Dans cette perspective, l'histoire de la colonie française en Amérique relevait d'un plan divin, qui avait pour but d'«étendre le christianisme aux confins du monde habité». Même la Conquête était providentielle. En ayant protégé la colonie des effets de la Révolution, elle assurait à la nation la continuité de sa mission évangélisatrice.

La race maintiendrait le flambeau de la foi d'autant plus haut et proclamerait sa fidélité à l'autorité romaine d'autant plus fort que la France républicaine avait renié ces idéaux. On parla alors d'un catholicisme reposant sur la nationalité, et Denis Martin d'appeler «catéchisme national» le culte des héros que suscita cette écriture de l'histoire.

Jacques Cartier et saint Jean-Baptiste, précurseurs nationaux

Parmi les héros de la Nouvelle-France figure bien sûr Jacques Cartier, qui, affirmait-on, prit possession de ses découvertes au nom de Jésus-Christ. Qualifié en 1889 de «précurseur des missionnaires» [je souligne], le navigateur compte parmi les premiers qui attirèrent l'attention des amateurs d'histoire. Une croix fut érigée à sa mémoire sur les abords de la rivière Saint-Charles, à Québec, dès 1835. Cela marquait le tricentenaire de son arrivée, et le début d'une volonté de lui ériger un monument plus durable.

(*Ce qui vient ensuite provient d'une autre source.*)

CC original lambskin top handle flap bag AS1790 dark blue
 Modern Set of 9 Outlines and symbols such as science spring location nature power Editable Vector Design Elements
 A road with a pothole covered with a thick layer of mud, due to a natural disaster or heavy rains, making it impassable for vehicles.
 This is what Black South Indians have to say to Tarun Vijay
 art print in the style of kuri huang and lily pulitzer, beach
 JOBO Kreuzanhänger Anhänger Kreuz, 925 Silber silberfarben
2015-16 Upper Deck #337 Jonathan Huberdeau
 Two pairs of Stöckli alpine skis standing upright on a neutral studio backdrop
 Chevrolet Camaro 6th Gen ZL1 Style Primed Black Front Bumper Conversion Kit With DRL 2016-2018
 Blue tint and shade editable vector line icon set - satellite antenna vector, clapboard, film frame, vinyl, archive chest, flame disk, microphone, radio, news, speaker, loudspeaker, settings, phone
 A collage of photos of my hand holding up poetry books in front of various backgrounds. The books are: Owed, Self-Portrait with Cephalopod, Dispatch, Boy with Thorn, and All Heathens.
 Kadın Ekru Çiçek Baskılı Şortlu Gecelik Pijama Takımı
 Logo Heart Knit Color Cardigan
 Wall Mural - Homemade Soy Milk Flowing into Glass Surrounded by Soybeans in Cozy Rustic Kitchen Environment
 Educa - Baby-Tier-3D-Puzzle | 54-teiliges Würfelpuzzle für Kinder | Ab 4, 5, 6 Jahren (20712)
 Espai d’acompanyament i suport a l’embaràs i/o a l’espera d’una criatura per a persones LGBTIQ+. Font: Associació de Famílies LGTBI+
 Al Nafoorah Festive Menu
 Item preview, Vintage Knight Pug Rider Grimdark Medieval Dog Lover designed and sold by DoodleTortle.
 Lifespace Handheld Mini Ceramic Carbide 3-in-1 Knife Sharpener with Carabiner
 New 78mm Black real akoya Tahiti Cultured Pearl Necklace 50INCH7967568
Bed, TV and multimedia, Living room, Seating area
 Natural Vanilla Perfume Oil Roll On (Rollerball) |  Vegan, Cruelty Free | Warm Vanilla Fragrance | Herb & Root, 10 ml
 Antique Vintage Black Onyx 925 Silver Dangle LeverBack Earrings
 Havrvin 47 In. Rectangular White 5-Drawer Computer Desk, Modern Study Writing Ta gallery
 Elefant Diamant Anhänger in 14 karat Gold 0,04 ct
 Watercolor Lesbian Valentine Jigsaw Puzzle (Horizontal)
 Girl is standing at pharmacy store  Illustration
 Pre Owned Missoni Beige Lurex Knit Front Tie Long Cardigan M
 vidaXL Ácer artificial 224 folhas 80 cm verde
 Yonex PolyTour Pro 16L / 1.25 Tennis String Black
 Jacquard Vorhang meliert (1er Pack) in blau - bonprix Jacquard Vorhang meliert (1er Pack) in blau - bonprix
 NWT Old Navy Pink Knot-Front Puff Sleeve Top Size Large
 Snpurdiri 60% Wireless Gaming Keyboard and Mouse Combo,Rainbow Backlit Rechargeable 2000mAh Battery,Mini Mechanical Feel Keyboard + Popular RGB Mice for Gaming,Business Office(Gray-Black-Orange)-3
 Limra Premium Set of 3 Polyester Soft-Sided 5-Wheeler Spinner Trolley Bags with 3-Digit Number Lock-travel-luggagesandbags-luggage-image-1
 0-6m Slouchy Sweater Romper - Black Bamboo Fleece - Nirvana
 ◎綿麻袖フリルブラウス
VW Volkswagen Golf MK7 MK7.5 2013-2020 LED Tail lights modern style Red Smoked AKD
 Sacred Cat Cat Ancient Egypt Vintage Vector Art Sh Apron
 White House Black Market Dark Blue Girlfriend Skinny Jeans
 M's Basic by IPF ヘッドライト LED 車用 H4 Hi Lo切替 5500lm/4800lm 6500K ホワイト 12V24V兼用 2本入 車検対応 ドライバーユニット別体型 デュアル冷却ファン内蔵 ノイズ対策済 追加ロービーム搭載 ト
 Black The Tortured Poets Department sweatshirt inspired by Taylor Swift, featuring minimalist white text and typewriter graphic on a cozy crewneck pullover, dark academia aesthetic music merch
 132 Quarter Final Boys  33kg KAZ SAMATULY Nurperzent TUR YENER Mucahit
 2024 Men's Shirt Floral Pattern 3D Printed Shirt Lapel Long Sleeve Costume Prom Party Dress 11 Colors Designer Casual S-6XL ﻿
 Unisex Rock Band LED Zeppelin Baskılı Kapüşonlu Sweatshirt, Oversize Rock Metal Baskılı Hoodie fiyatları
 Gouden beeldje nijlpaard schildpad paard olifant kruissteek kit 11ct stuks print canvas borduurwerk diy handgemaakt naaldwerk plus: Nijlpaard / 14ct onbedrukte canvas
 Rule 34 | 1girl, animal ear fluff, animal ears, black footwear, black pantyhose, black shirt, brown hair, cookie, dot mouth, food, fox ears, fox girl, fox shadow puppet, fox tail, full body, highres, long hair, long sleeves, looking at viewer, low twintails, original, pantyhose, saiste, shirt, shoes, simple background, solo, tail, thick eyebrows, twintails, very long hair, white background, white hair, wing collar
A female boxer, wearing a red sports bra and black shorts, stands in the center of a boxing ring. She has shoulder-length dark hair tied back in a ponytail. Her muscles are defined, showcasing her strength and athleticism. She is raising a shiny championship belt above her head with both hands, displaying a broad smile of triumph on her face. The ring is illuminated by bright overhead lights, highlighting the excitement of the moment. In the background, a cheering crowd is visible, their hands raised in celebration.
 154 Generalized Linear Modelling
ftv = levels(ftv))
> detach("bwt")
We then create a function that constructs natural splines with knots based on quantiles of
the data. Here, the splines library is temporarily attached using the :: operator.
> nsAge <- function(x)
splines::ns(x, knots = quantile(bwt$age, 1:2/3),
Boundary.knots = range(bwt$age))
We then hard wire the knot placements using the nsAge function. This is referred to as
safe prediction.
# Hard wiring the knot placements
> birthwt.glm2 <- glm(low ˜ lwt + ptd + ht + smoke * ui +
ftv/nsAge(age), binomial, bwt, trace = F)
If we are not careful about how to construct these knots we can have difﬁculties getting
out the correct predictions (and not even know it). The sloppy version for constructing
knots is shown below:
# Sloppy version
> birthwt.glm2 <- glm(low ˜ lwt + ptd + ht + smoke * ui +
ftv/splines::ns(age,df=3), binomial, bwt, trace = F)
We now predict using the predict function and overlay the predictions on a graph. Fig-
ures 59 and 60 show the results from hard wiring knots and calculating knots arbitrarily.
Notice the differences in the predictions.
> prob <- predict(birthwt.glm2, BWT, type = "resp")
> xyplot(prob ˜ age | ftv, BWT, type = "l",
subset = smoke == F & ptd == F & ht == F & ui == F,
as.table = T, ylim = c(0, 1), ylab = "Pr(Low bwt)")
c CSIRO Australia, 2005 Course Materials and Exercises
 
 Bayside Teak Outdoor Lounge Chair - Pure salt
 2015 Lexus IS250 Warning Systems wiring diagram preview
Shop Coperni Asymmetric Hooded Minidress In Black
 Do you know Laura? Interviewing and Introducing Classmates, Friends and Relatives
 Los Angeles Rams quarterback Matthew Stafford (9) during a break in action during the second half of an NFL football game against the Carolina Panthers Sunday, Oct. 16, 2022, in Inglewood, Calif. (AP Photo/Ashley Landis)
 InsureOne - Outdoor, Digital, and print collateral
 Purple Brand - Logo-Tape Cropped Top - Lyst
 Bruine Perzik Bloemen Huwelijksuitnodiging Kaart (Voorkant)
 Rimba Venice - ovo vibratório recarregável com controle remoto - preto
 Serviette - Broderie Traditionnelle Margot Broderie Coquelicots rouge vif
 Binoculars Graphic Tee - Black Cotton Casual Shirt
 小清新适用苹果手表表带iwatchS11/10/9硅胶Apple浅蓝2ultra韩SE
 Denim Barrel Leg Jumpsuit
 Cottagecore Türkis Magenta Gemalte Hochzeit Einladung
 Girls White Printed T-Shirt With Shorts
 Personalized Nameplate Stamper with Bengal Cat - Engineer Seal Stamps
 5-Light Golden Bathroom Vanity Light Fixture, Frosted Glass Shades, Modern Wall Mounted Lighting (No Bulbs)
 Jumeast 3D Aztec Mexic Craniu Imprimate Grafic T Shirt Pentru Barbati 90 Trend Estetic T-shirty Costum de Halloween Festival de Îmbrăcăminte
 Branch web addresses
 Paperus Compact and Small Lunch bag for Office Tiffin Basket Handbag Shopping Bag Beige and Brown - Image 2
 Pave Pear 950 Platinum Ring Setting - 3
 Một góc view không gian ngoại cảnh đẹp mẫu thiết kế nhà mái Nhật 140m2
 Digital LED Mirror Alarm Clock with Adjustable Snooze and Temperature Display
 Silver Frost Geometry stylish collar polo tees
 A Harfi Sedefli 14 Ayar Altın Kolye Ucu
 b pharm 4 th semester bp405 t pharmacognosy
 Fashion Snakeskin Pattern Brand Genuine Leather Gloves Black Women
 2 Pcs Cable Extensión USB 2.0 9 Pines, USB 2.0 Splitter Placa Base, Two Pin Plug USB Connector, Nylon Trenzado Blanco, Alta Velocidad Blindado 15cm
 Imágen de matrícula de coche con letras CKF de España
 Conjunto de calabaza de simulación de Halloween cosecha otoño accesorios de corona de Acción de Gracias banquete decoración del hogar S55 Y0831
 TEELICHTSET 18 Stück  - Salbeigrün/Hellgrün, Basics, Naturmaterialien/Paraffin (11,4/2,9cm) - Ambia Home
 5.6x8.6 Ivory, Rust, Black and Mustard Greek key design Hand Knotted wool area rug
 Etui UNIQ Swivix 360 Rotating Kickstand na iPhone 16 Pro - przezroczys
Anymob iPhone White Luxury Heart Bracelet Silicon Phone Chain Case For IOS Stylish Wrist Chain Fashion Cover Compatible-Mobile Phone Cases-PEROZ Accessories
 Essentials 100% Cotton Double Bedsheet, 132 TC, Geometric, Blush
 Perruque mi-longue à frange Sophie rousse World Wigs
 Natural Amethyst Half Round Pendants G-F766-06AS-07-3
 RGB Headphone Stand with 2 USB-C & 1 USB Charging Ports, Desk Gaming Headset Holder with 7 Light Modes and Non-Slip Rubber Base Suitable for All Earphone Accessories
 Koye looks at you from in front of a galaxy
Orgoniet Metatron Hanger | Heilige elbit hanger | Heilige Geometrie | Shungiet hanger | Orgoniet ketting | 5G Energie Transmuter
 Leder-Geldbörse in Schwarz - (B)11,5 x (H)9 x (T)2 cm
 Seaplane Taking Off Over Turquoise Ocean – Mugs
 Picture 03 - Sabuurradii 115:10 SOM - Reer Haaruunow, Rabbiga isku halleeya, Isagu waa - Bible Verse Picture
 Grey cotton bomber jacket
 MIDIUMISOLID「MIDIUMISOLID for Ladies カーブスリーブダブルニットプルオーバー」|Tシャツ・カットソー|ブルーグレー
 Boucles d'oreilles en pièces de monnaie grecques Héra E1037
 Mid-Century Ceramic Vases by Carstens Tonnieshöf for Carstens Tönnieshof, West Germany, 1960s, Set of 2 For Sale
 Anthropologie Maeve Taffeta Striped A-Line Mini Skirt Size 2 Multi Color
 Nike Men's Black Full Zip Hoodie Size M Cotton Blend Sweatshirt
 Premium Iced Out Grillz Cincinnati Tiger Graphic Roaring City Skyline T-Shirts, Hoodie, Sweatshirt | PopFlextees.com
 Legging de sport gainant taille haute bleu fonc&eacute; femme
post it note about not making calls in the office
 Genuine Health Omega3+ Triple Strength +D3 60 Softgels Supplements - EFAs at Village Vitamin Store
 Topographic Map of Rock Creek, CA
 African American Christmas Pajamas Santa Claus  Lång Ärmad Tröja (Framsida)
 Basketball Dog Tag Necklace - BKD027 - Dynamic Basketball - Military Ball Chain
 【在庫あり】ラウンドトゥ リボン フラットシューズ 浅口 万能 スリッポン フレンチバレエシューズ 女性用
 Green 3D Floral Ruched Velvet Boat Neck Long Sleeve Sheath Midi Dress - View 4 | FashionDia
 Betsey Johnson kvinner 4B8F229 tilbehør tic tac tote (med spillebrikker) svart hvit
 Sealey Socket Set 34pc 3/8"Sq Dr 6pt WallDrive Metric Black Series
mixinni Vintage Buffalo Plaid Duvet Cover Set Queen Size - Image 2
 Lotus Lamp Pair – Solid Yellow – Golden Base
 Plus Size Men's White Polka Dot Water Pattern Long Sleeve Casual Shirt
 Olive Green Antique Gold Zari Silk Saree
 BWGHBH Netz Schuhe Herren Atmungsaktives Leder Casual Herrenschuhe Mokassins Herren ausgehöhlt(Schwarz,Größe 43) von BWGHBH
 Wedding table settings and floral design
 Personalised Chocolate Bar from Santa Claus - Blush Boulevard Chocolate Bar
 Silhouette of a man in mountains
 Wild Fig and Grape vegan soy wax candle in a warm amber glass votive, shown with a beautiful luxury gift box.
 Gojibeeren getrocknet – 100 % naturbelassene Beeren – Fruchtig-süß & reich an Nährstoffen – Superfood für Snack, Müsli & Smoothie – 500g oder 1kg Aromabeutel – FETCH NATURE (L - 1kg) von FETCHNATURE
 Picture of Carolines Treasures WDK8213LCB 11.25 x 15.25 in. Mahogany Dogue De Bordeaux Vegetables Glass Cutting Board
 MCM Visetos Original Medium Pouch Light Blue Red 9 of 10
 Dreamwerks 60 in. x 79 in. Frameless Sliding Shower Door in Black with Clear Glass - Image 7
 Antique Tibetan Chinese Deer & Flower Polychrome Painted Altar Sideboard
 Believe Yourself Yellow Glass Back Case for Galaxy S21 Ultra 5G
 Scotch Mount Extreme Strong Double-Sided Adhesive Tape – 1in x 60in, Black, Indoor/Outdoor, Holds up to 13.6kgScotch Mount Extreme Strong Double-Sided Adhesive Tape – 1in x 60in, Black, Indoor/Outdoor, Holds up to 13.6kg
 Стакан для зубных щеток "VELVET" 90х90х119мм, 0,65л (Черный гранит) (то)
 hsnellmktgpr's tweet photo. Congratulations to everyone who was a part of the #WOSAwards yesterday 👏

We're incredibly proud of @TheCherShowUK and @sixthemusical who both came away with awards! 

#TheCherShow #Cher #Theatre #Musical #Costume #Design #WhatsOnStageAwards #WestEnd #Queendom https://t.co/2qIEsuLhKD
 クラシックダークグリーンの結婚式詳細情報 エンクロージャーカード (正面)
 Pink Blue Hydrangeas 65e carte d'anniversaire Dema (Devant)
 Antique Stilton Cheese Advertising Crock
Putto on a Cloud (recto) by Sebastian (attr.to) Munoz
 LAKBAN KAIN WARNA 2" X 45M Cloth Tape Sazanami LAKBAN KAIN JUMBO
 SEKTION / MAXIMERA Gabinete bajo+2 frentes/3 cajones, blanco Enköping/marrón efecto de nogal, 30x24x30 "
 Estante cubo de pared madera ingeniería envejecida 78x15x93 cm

Quant à saint Jean-Baptiste, autre précurseur, nul n'a jamais prétendu qu'il est venu en Nouvelle-France, mais dès le début de la colonie, on y célébra sa fête, comme du reste celle de saint Joseph. Dès le début, la Saint-Joseph s'implanta comme une fête religieuse (saint Joseph devint le patron du Canada), alors que la Saint-Jean-Baptiste, bien que religieuse, prit avec ses «feux de la Saint-Jean» une allure populaire. Cela correspondait aux origines antiques de la Saint-Jean, le solstice d'été réservé au culte du soleil. Religieuse et populaire, la Saint-Jean-Baptiste, a-t-on souligné en 1880, «réunissait les deux qualités voulues pour devenir notre fête nationale».

C'est ce que comprit Ludger Duvernay, propriétaire et directeur de La Minerve, organe des Patriotes, lorsqu'il conçut le projet, en 1834, d'organiser, dans un but politique, une fête nationale annuelle. Le projet prit d'abord la forme d'un banquet, tenu à Montréal le 24 juin 1834, auquel furent conviés une soixantaine de chefs réformistes. L'idée de la Saint-Jean-Baptiste, fête patronale, était lancée.

La tradition veut que Jean-Baptiste était le sobriquet appliqué aux Canadiens français, à cause de la popularité de ce prénom parmi eux, comme Patrick chez les Irlandais et Jonathan chez les Américains. D'en faire le prétexte d'une fête nationale a pu alors servir de pied-de-nez à l'endroit du pouvoir contesté.

L'idée d'une Association (ou Société) Saint-Jean-Baptiste découla de ces premières manifestations, l'Association étant réorganisée en 1843 sur des bases plus solides. Le patronat de saint Jean-Baptiste ne faisait plus de doute. (L'Église le reconnut en 1908 lorsque Pie X constitua le Précurseur «patron spécial auprès de Dieu, des fidèles franco-canadiens».)

La commémoration de Jacques Cartier et le patronat de saint Jean-Baptiste, tous deux précurseurs, celui-ci du Messie, celui-là des missionnaires, et tous deux symboliques de la nationalité canadienne-française, expriment on ne peut mieux la binarité de ce nationalisme à base de Religion et de Patrie. Cela justifierait amplement le jumelage des statues de Terrebonne, et vu le contexte culturel, on peut supposer que Sophie Masson en était pleinement consciente, si en effet elle fut responsable de ce jumelage. Mais aucune documentation ne le prouve encore, ni ne laisse deviner l'occasion qui l'aurait incitée à acquérir et à jumeler ces statues.